It looks like ISPs are going to create their own policies to punish subscribers who participate in illegal file sharing. Reports indicate AT&T, Verizon, and Comcast are the ISPs involved in negotiations with the Recording Industry Association of America (RIAA) and the Motion Picture Association of America (MPAA). Apparently the White House is also involved in current talks, but to what extent is currently unknown.

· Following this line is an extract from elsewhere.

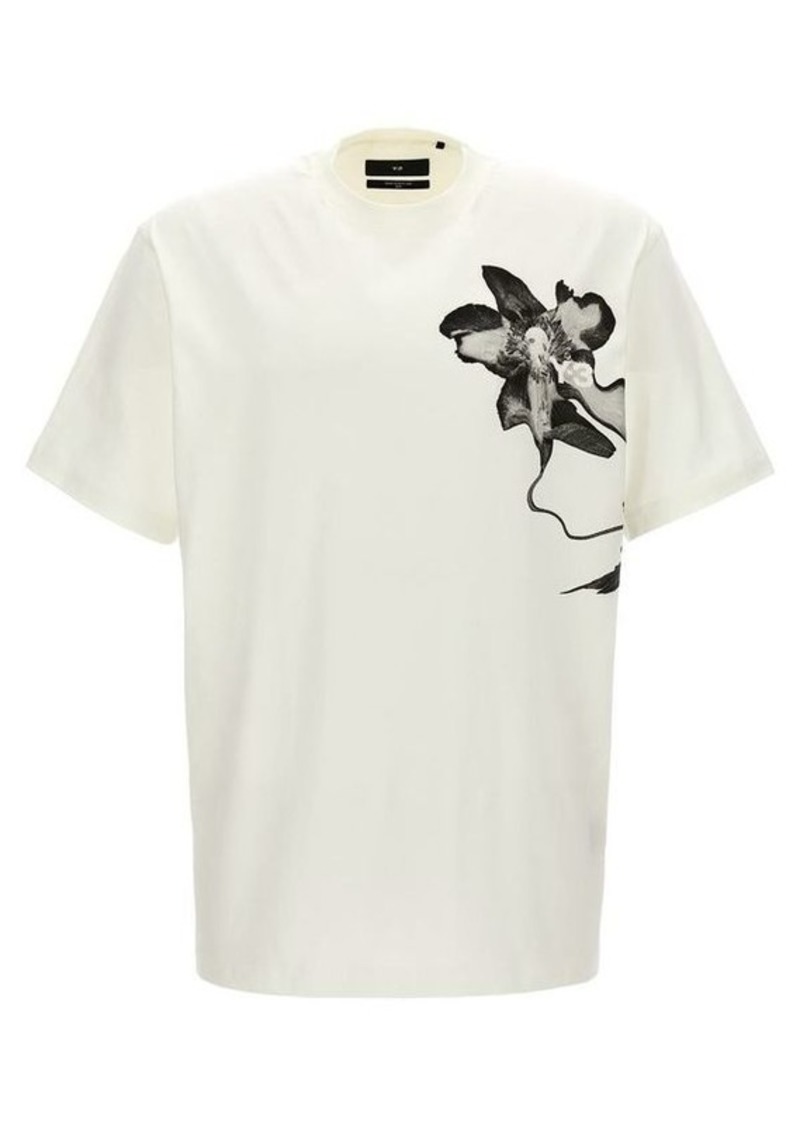 Y-3 Yohji Yamamoto Y-3 'Gfx' T-shirt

According to a recent CNET article, ISPs are looking to attack the problem of illegal file sharing with a “graduated approach.” The approach starts with a written warning which the providers are calling “Copyright Alerts.” After written warnings fail to be sufficient, the provider will escalate the matter to one of three proposed measures. Those measures are (in no particular order of preference):
- Throttling bandwidth speeds
- Limited website access (this reportedly means access to only the top 200 sites until the illegal behavior ceases)

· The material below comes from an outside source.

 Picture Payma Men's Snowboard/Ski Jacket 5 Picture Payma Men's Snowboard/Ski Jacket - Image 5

- Requiring the user to participate in an educational program about copyright
One would think that the final step would be to terminate the subscribers internet service, but apparently that is not being considered as a punishment. The report indicates that the cost of the agreement would be shared by the service providers. Whether that means implementation costs for punishments or costs for tracking illegal file sharing activity, or both, it remains unknown.
In speaking with an industry source, Ars Technica learned that the goal was not in fact punishment but instead “mitigation and education.” The contact was upset by the focus on disciplinary action in the CNET article, stating that “the focus on enforcement is inaccurate.” The source did reinforce that the list of possible disciplinary actions above is being discussed and that the Obama administration is involved in these talks.
Currently the White House has no solid litigation for file sharing, instead focusing their efforts on censorship and how ISPs handle user information. It does make sense for ISPs and content providers to join hands in this though. A rash of lawsuits because of file sharing have been aggressively pursued lately, including suits over illegal downloading of The Hurt Locker, and the RIAA getting a huge payout from LimeWire. It stands to reason that the RIAA and MPAA would work with ISPs to try and deter file sharing or at least mitigate the number of downloads.
Ars was told that if something of interest comes from the negotiations between content providers, ISPs, and the White House, there would be indications in the next few weeks. It will be interesting to see if the players here can come to an agreement, and exactly how they choose to enforce punishment for file sharing.